→ **Dataset content**:
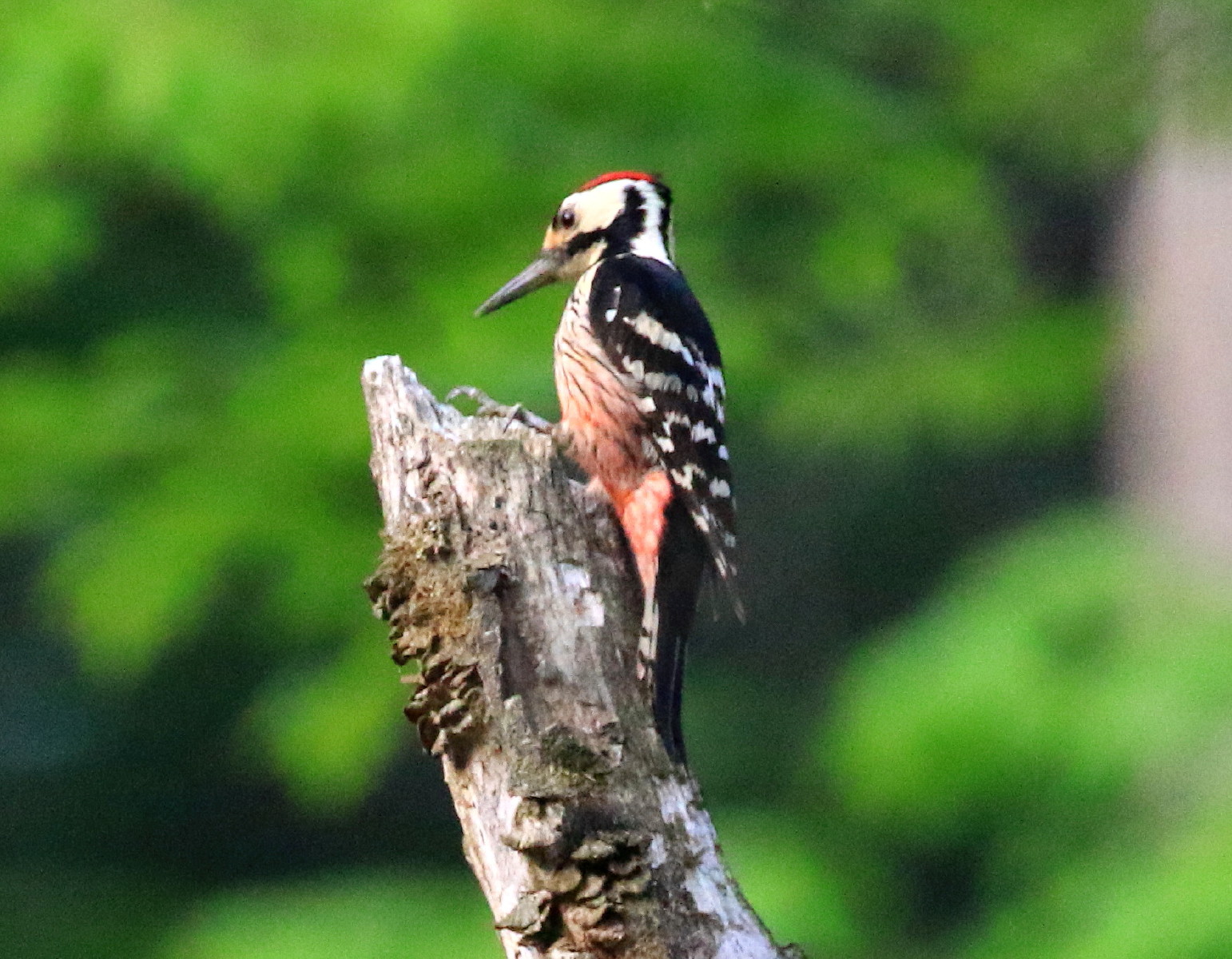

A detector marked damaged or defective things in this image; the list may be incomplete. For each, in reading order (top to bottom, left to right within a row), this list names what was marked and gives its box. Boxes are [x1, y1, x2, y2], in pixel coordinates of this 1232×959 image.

broken jagged wood top [360, 357, 788, 956]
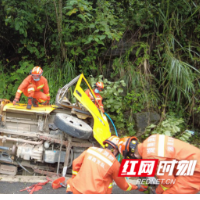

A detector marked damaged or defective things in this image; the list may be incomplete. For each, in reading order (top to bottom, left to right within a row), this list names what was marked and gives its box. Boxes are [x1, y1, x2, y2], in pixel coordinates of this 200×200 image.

overturned truck [0, 74, 111, 177]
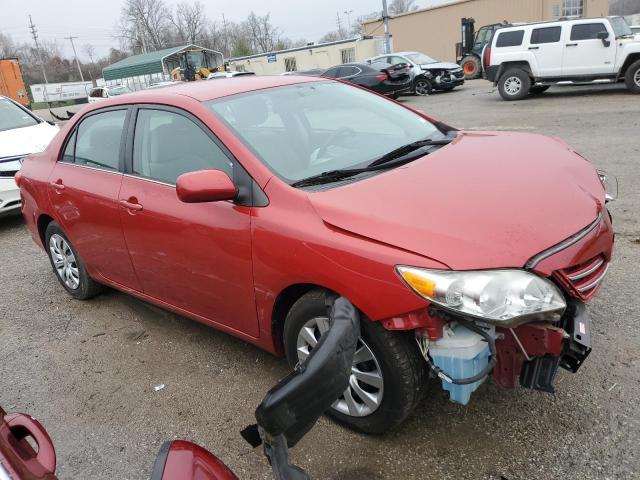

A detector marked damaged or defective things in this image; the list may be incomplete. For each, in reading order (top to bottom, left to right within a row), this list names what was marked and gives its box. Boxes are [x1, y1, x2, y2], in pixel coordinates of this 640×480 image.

damaged red sedan [17, 76, 612, 436]
cracked headlight [398, 266, 568, 326]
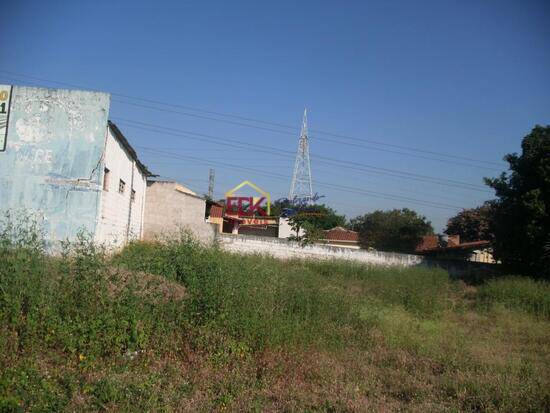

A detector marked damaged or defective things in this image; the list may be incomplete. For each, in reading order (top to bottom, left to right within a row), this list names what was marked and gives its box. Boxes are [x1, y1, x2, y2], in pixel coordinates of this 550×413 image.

peeling paint wall [0, 86, 111, 241]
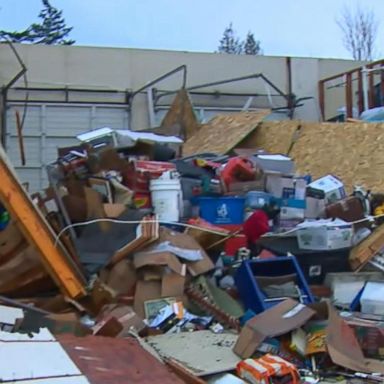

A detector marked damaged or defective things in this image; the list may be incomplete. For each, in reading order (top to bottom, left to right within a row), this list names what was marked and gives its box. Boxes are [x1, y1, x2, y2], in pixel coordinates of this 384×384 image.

broken plywood sheet [158, 88, 200, 140]
broken plywood sheet [183, 110, 270, 155]
broken plywood sheet [236, 121, 302, 155]
broken plywood sheet [290, 122, 384, 192]
broken plywood sheet [147, 328, 240, 376]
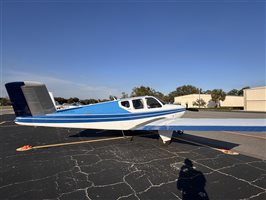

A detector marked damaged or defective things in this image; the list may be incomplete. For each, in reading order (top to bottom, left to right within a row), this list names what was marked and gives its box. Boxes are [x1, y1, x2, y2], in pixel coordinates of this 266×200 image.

→ **What to do**:
What is the exact wording of the lines from the one bearing "this 640×480 image." through the final line of the records above? Write it out without the pictures.

→ **Reply to the task**:
A detector marked damaged or defective things in this image; the list may be incomplete. For each, in reading order (top to bottom, left to right within a row), this list names what was marked and gives its box. Boxes are [x1, y1, x2, y2], in pixel coordinates of this 640×480 image.

damaged red sedan [17, 76, 612, 436]
cracked headlight [398, 266, 568, 326]

A detector marked damaged or defective things in this image; the list may be incomplete. For each, in reading order (top to bottom, left to right within a row), this list names what was marked and gives its box. Boxes are [x1, y1, x2, y2], in pixel coordinates of this 550×413 image.

peeling paint wall [0, 86, 111, 241]

A detector marked damaged or defective things in this image; the list may be incomplete. For each, in reading order (top to bottom, left to right within a row), this list names what was marked and gives its box. Boxes are [x1, y1, x2, y2], in pixel coordinates of this 384×384 image.

broken plywood sheet [158, 88, 200, 140]
broken plywood sheet [183, 110, 270, 155]
broken plywood sheet [236, 121, 302, 155]
broken plywood sheet [290, 122, 384, 192]
broken plywood sheet [147, 328, 240, 376]

A detector marked damaged or defective things in this image; the list may be incomplete. For each, in reading order (top to bottom, left to right within a row), this list names what was marked and gives its box. Boxes are [x1, y1, x2, y2], in pixel coordinates of this 266×200 image.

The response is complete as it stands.